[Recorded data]
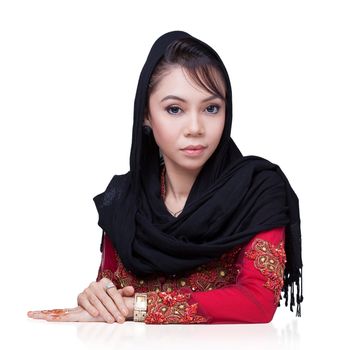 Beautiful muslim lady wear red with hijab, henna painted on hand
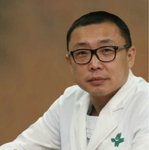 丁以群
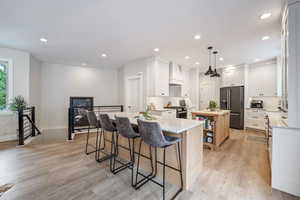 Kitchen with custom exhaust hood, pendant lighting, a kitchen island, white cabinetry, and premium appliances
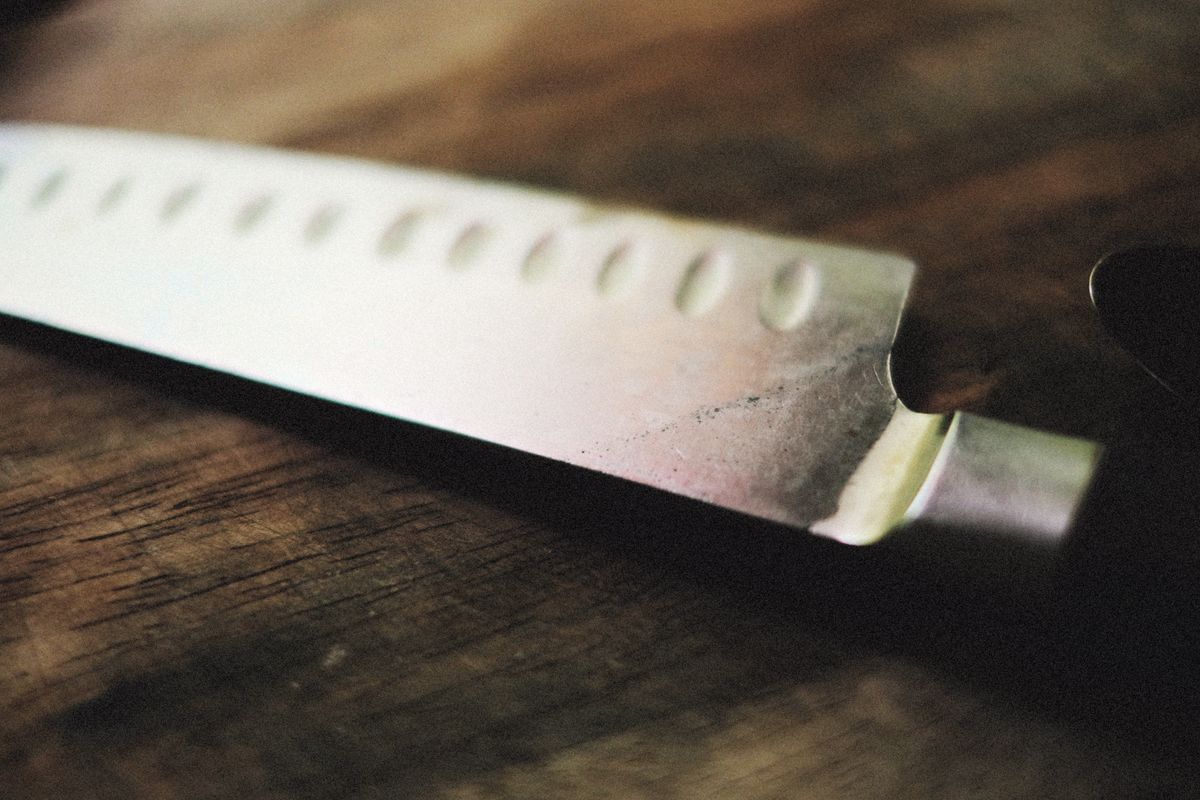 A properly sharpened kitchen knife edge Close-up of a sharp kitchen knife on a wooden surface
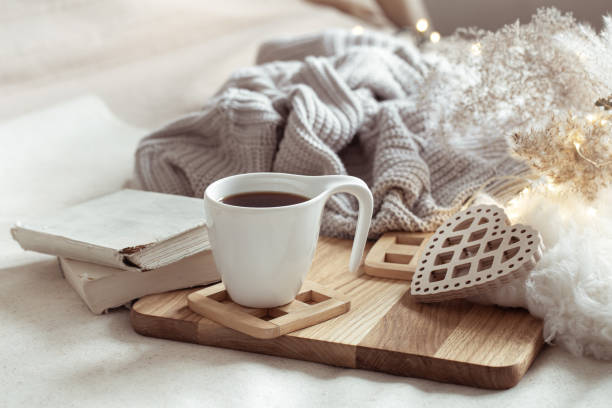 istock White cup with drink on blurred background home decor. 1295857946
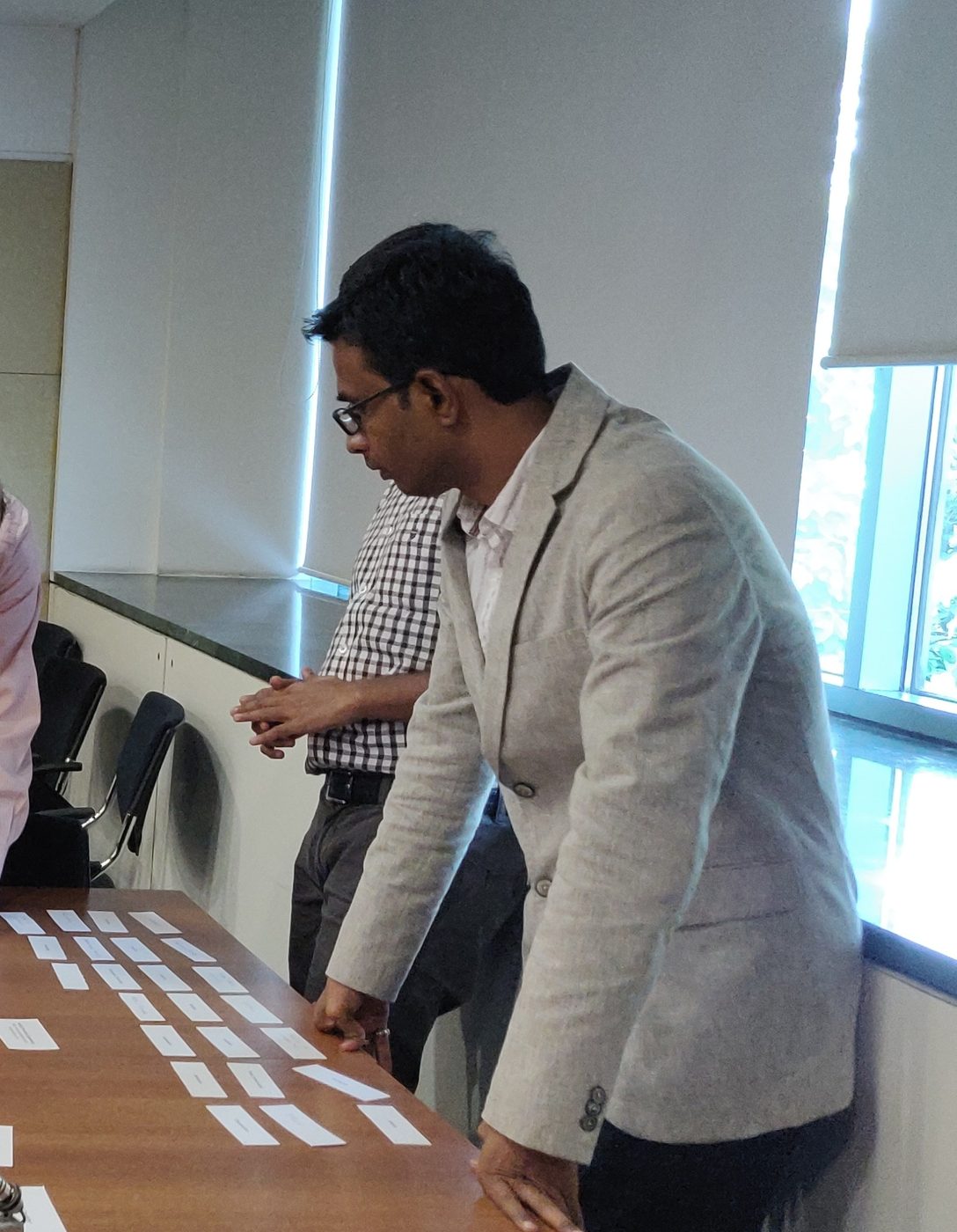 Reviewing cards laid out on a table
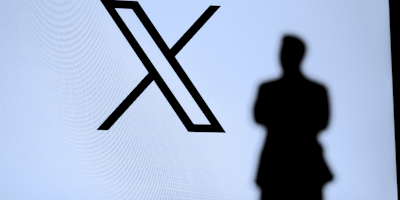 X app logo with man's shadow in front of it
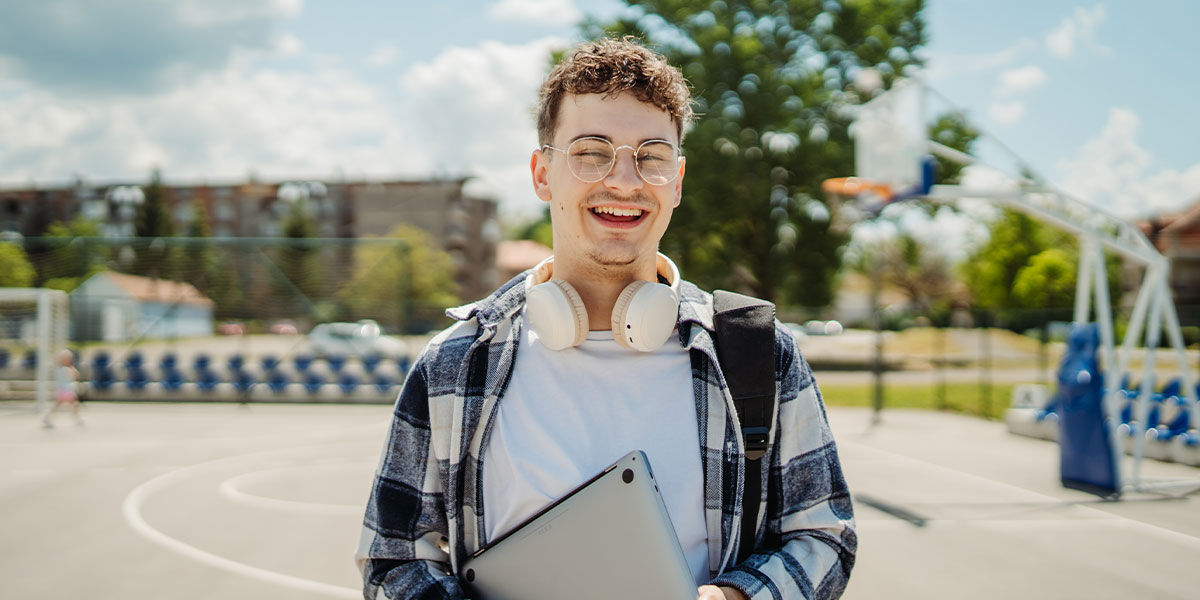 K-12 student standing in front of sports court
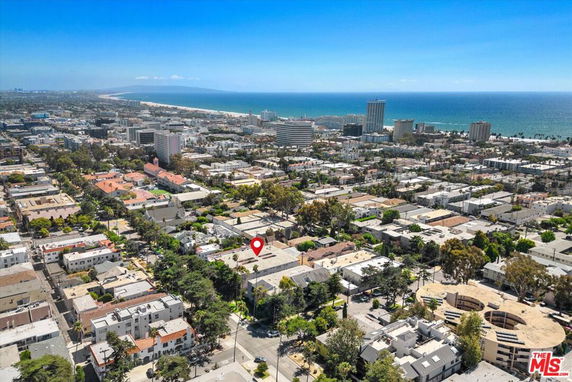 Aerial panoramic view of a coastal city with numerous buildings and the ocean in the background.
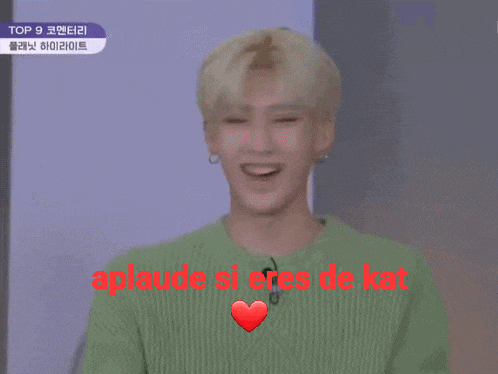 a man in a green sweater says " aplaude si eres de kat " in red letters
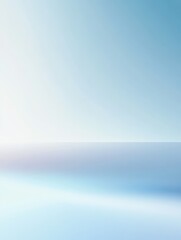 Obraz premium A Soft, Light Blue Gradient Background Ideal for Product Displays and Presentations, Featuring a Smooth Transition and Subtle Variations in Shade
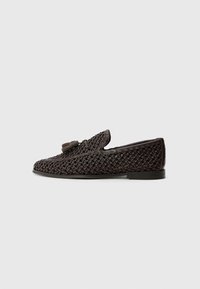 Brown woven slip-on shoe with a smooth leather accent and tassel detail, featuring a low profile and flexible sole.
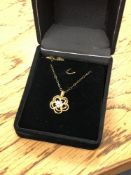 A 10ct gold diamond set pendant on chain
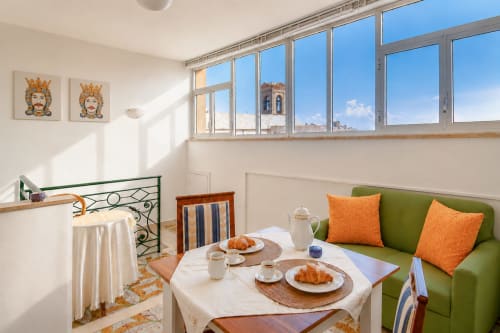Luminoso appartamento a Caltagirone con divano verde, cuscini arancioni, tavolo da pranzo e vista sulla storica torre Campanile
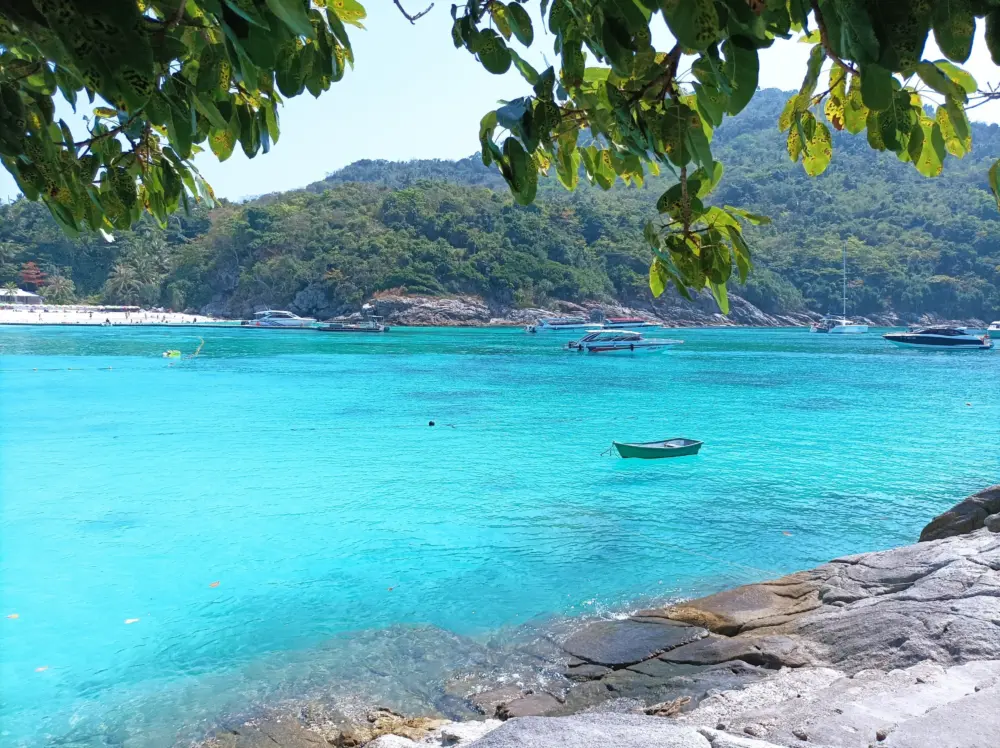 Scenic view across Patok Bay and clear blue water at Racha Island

• _INSTRUCTIONS TO FOLLOW_
Drop the pictures; return the lines above from the line containing "Kitchen with custom" to the line containing "a man in a green", both included, exactly.

• _YOUR RESPONSE_
 Kitchen with custom exhaust hood, pendant lighting, a kitchen island, white cabinetry, and premium appliances
 A properly sharpened kitchen knife edge Close-up of a sharp kitchen knife on a wooden surface
 istock White cup with drink on blurred background home decor. 1295857946
 Reviewing cards laid out on a table
 X app logo with man's shadow in front of it
 K-12 student standing in front of sports court
 Aerial panoramic view of a coastal city with numerous buildings and the ocean in the background.
 a man in a green sweater says " aplaude si eres de kat " in red letters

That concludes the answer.